I Couldn't Care Less: Feeling Derailed
Created | Updated Nov 3, 2013
Feeling Derailed
By the time you read this it will have been seven weeks since I was made redundant. It doesn't sound like a very long time, but it's starting to drag for me. I got a phone call the other day confirming that my fourth interview since I knew I was losing my job had resulted in my fourth polite rejection. Today, which is Wednesdaym 30 October, I got the first discernible sense in my head that the search for work was getting on top of me
I'm far from on my own here, I know. That of course is half the problem. If there were fewer people looking for work there would be less competition for places and I would get a job more easily.
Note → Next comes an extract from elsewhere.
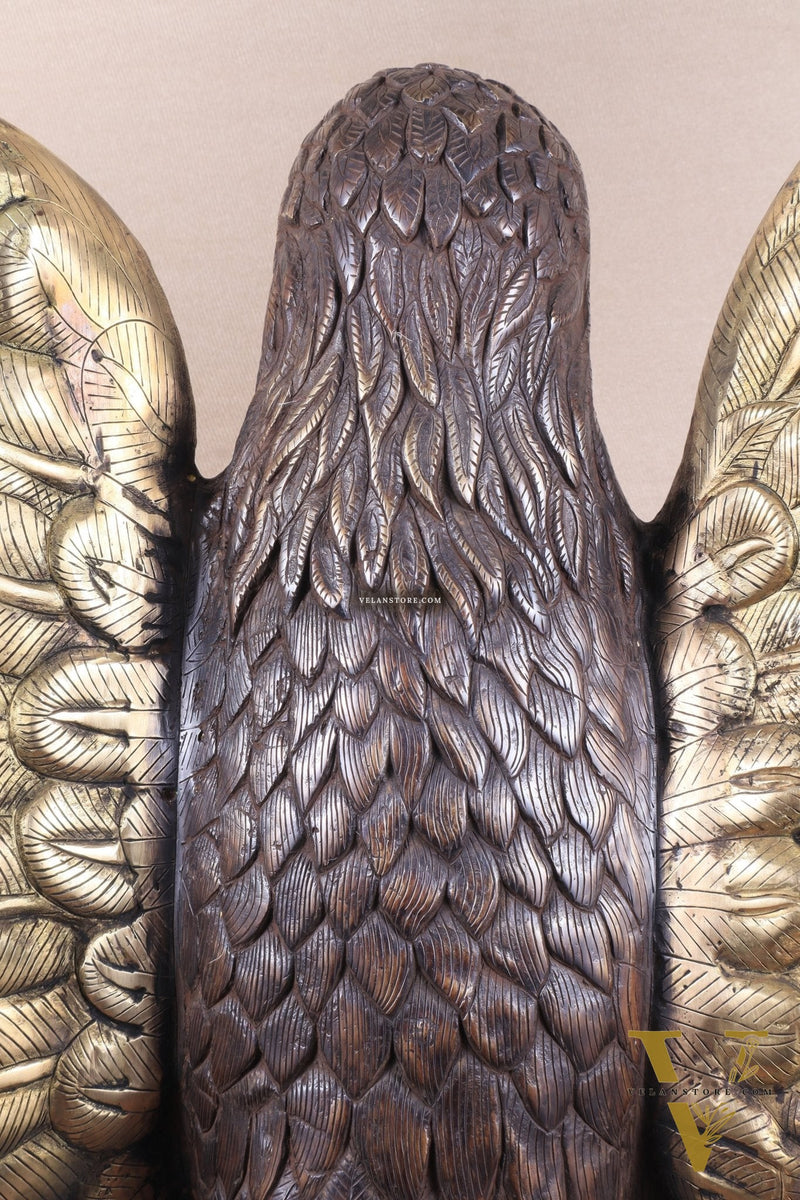 Brass Massive Eagle Jatayu with Open Wings Sculpture 41 inch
But part of the problem is my approach to life in general. Think of your life as a series of trains1. There's a work train, and a home train, and a family train, and money train and a gravy train (if you're particularly keen on gravy) and any other sundry trains that may constitute key features of your life. In my mind my trains are all in one of three states: working perfectly; working satisfactorily; undergoing repair.
To assemble this jumble into context for you, allow me to apply it to real life. When I was working, I saw my work as satisfactory. I liked my colleagues and most of my customers, and I enjoyed my work. The people in positions of power and authority were, I fear, largely dunderheads, but then I concluded that this is a natural hazard of the world of work. We were making enough money to get by, but were looking to improve that situation by trying to increase the amount of benefit my wife was getting, as her health had deteriorated. At home we were settled as long as we have been since 2007. We needed somewhere that didn't present my wife with quite so many stairs, but we had been pointed in the direction of an organisation which supplied specialist housing to people with varying forms of disability. So work was satisfactory and I felt that home and money were being worked on. Have I made this mishmash any clearer now?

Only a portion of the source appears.